If possible, your existing airport ground lease that your FBO buyer is about to acquire should contain a lease renewal option for your FBO.

Such lease renewal options typically are subject to “negotiation” by both parties at the time of renewal, which may not be necessarily contain very definitive renewal terms or definitions as to the future establishment of the business terms.

“Any option is better than no lease renewal option” no matter how strong the language, or lack thereof, is for the FBO lessee, your FBO buyer. (Your FBO buyer can choose to exercise or not exercise the option.)  If you the FBO seller have the opportunity to negotiate a lease renewal option then by all means do so! Typically we see lease renewals in 10 year increments, sometimes one or two 10 year renewal options.

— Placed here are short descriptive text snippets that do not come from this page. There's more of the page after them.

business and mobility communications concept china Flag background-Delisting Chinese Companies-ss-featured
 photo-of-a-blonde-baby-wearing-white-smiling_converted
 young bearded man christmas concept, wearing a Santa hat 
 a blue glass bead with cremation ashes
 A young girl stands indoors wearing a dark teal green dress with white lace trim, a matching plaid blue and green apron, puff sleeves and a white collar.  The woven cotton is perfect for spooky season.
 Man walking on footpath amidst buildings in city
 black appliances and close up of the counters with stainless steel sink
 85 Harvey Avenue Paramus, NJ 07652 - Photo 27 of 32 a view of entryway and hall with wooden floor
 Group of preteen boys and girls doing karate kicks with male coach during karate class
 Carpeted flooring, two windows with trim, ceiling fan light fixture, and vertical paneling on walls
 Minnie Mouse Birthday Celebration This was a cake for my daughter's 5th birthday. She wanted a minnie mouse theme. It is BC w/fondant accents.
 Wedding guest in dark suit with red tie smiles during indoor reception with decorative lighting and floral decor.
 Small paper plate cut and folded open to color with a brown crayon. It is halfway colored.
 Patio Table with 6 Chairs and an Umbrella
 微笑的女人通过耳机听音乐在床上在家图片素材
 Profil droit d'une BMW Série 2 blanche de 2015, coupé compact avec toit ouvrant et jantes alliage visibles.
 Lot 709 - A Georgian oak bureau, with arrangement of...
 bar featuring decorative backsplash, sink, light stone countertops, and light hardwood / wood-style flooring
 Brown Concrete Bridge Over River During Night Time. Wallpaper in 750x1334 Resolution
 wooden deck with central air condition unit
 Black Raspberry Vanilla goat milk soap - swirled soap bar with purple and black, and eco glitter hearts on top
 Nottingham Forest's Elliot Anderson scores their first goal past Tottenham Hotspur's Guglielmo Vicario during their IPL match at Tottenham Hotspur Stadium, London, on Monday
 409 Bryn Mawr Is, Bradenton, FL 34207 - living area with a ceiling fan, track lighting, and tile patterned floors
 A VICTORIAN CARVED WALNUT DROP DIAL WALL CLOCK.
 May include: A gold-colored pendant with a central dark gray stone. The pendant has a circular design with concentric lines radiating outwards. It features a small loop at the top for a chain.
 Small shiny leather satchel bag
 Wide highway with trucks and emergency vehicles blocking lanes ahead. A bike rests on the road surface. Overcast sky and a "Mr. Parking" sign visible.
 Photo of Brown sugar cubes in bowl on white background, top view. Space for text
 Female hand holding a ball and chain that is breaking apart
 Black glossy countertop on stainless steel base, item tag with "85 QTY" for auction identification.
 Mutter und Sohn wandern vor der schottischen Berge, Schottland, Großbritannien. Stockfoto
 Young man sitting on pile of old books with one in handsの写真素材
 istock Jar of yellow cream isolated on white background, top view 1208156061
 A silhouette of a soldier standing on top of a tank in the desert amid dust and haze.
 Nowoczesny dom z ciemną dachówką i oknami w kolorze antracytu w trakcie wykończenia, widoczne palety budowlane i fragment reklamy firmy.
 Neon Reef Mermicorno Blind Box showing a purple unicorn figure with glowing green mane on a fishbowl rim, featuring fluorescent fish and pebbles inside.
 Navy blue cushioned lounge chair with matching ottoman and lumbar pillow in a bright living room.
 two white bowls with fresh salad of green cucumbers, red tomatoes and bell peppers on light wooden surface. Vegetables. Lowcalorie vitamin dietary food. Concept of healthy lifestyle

When it comes time to sell your FBO in the future, and if it can successfully be marketed as having a 25 year lease with exercise of the renewal option for example, that’s much more valuable to an FBO buyer than only having a 15 year lease remaining with no options to renew.

It’s very important for the FBO buyer to have lease renewal option(s) in place if you have the opportunity. Doing so can increase, immeasurably, the sale value of your FBO your buyer is attempting to acquire today.

12. Available Vacant Land for Expansion

As business improves for the FBO buyer that you are selling to, and anticipating for the future, it’s likely your FBO buyer will want to build additional hangar facilities to house its clients current aircraft and to accommodate new client aircraft. If your FBO for sale has rights for additional land then that’s a bonus!

If possible, if you as the existing FBO owner can negotiate and execute an option or options for future leasing of available airport land for your FBO buyer, this makes good sense and adds value!

13. Determine the appropriate EBITDA current market multiple range which applies to your FBO

Lucky #13, the “best for last”!

How much should you ask for your FBO? How much should you expect buyers will pay  for your FBO? And, just as important, what is the current market EBITDA multiple range which applies to your FBO?  That’s the “$64 million question” that all FBO buyers and FBO sellers ask!

Discussion of this most important aspect, the applicable EBITDA multiple range for your FBO requires more extensive discussion and we will cover it in a separate and forthcoming “What’s the value your FBO”!

Armed with these “13 Steps on How to SELL FBO’s” you’ll be better prepared to sell your FBO for a substantial gain when the time is right. Good luck!